### Problem
Without including any pictures, retype exactly the lines from the top of the records through the line containing "Fireplace TV Consoles", that final line included.

### Material for this task
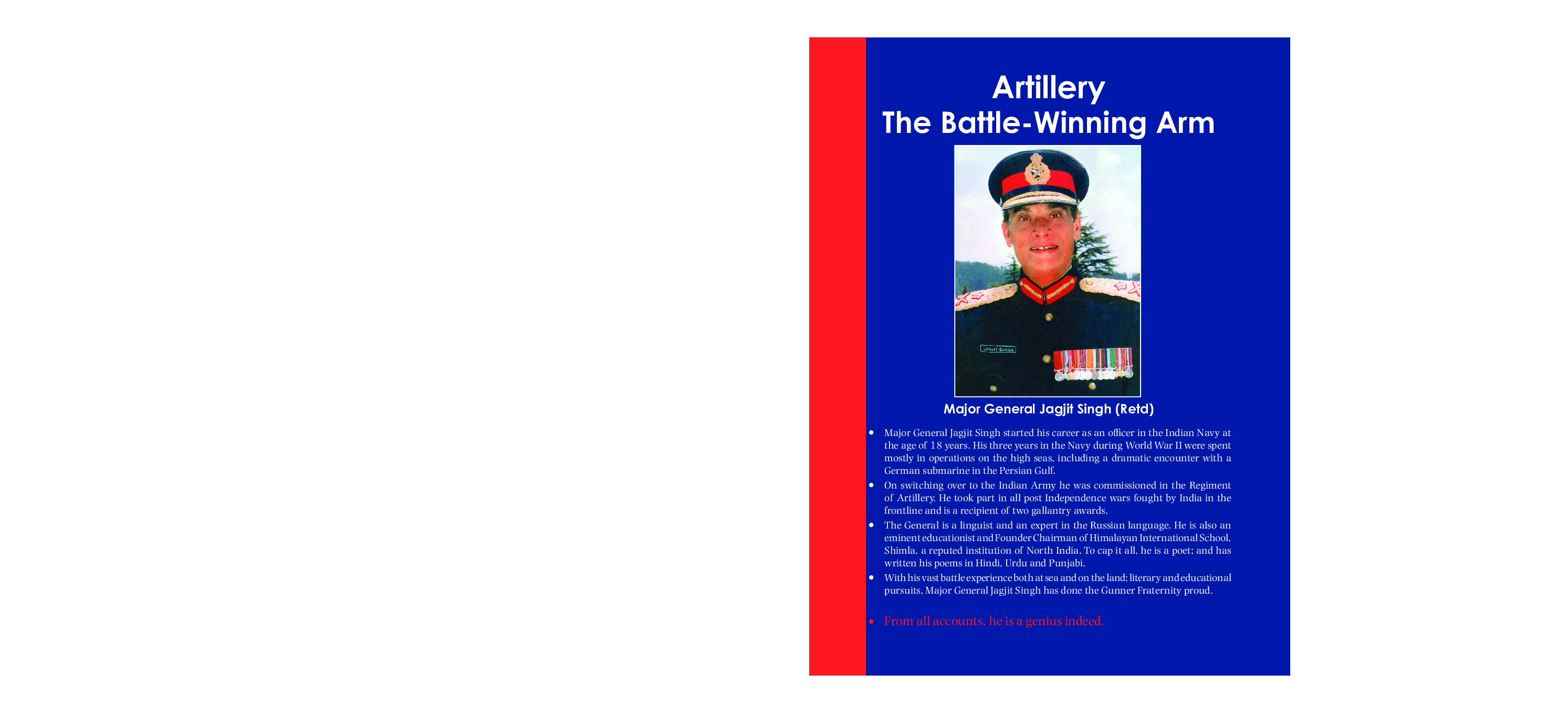 Artillery: The Battle-Winning Arm - Page 1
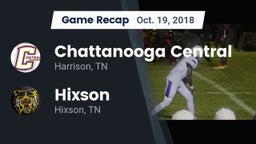 Recap: Chattanooga Central  vs. Hixson  2018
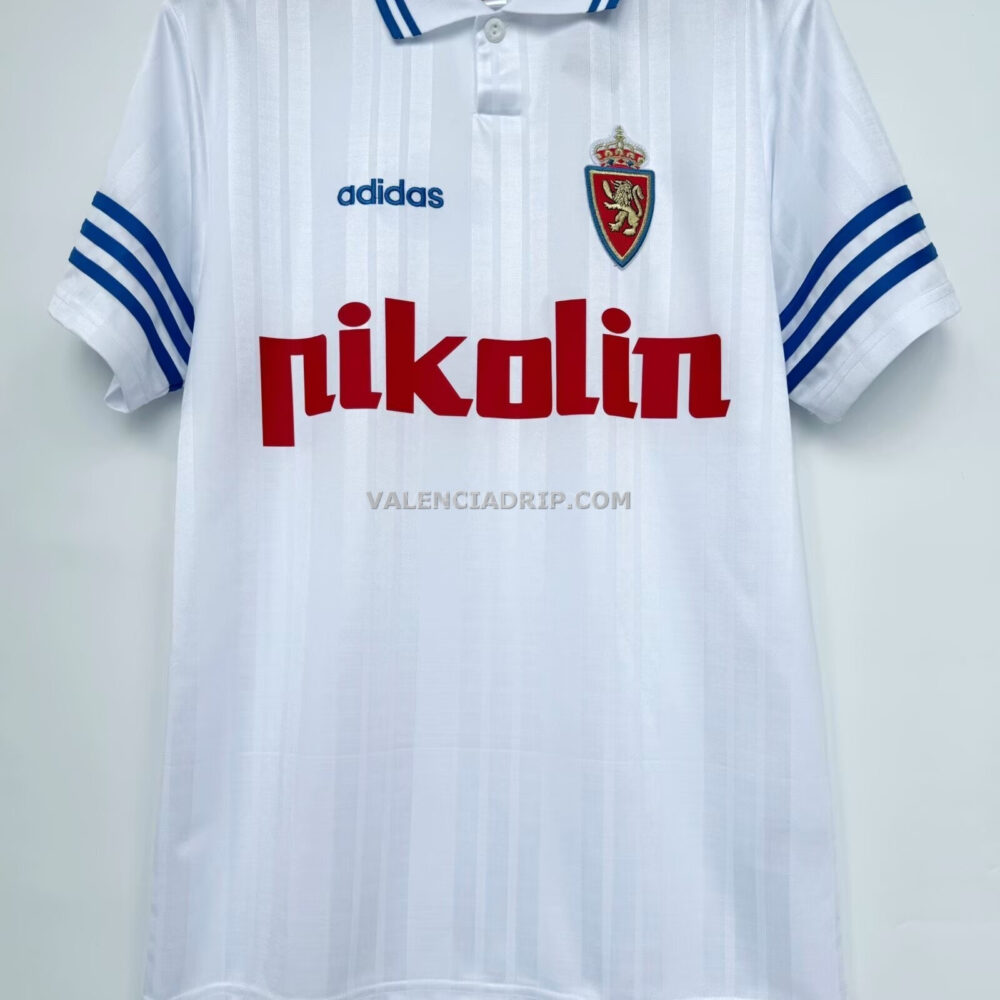 Camiseta local Adidas Real Zaragoza 1995-96
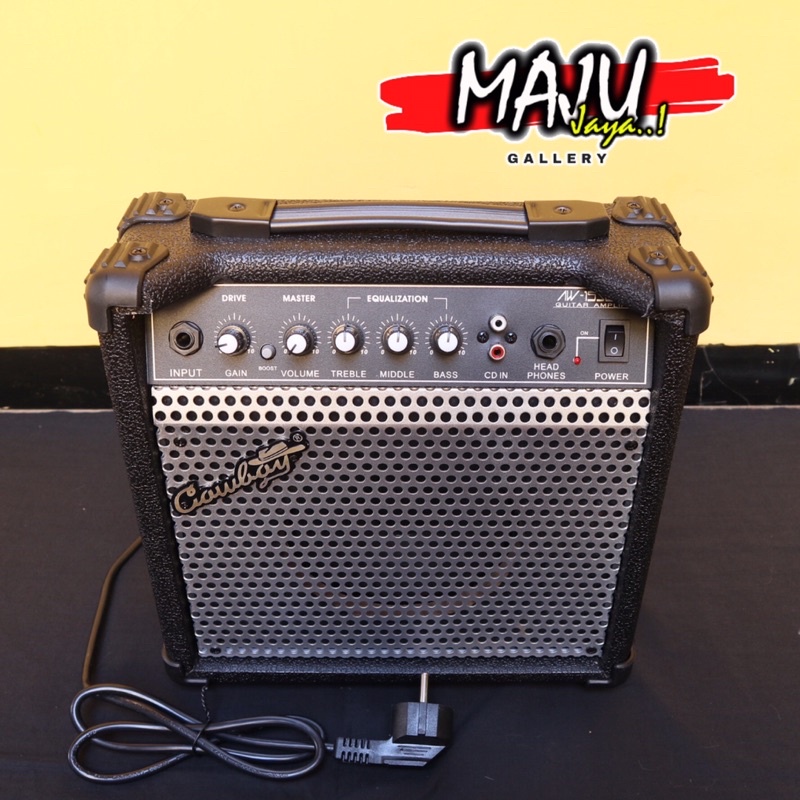 amply amplifier gitar elektrik akustik Cowboy AW 15SG slim guitar amp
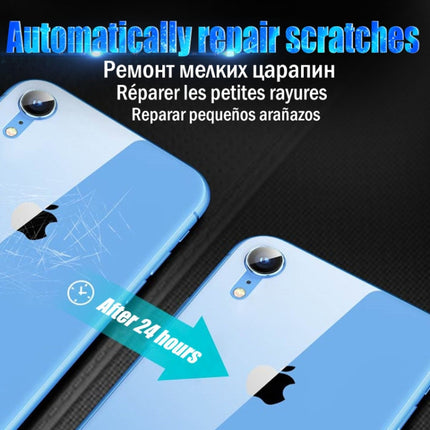 Soft Hydrogel Film Full Cover Back Protector for iPhone XR-garmade.com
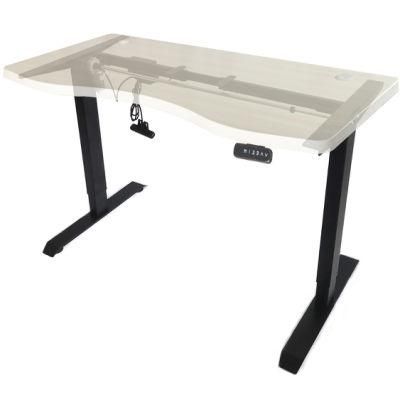 Office Single Motor Adjustable Height Desk Electric Lifting Tables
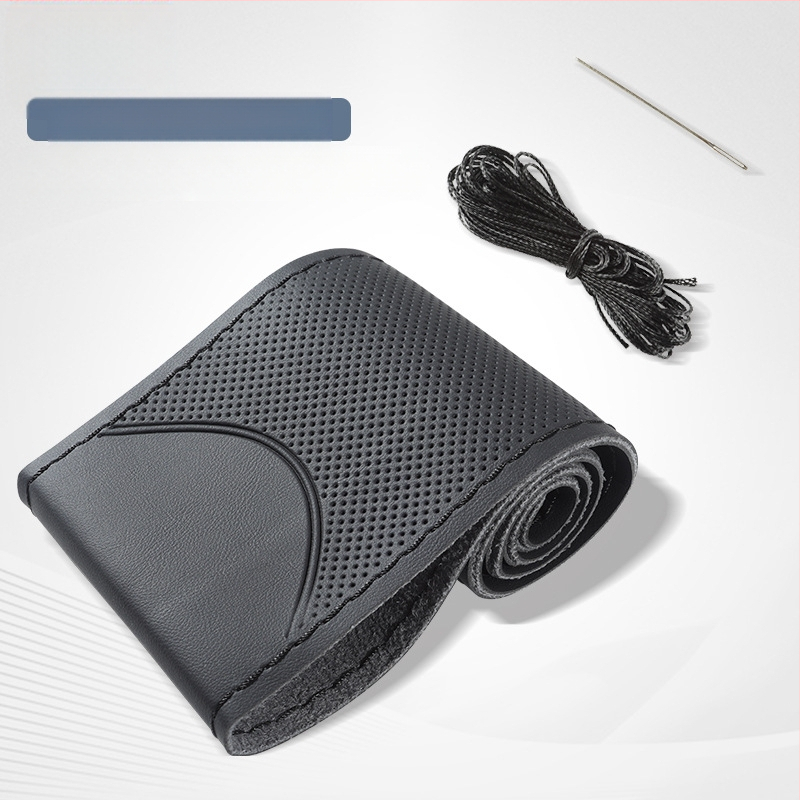 Stūres dangtis: 3D diamantinio rašto oda, rankomis siūtas, universali tinkama, Marthapi paviršius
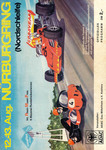 Programme cover of Nürburgring, 13/08/1972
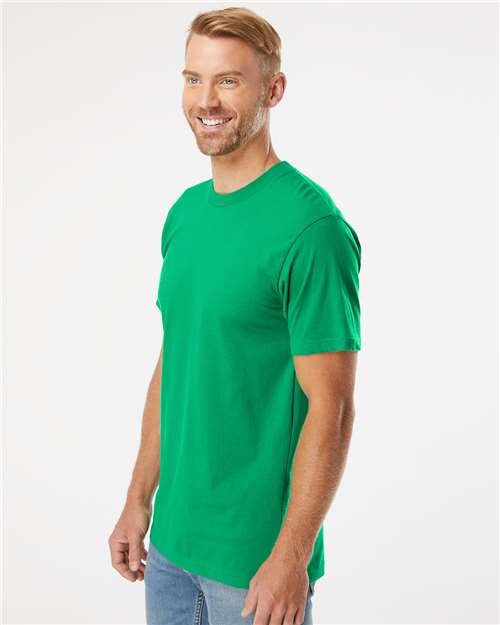 Kelly Green Fine Jersey Tee - 2001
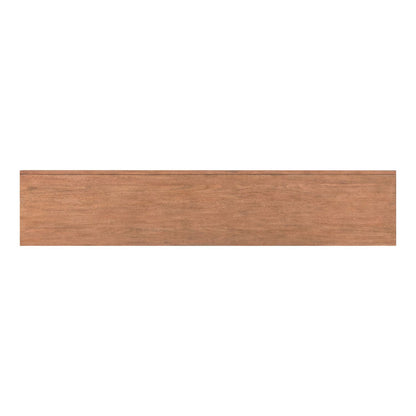 Fireplace TV Consoles - 84'' Fireplace TV Console Multiplees - Light Brown - Hornell Furniture Outlet
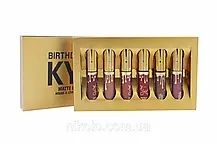 Помад KYLIE No KL6 в пакованні 6 шт., стійка помада для губ Kylie, фото 4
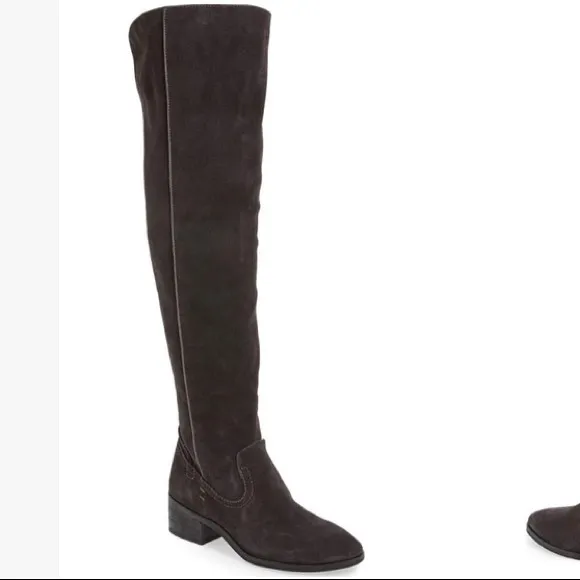 Dolce Vita Kitt over the knee faux suede boots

### Solution for this task
 Artillery: The Battle-Winning Arm - Page 1
 Recap: Chattanooga Central  vs. Hixson  2018
 Camiseta local Adidas Real Zaragoza 1995-96
 amply amplifier gitar elektrik akustik Cowboy AW 15SG slim guitar amp
 Soft Hydrogel Film Full Cover Back Protector for iPhone XR-garmade.com
 Office Single Motor Adjustable Height Desk Electric Lifting Tables
 Stūres dangtis: 3D diamantinio rašto oda, rankomis siūtas, universali tinkama, Marthapi paviršius
 Programme cover of Nürburgring, 13/08/1972
 Kelly Green Fine Jersey Tee - 2001
 Fireplace TV Consoles - 84'' Fireplace TV Console Multiplees - Light Brown - Hornell Furniture Outlet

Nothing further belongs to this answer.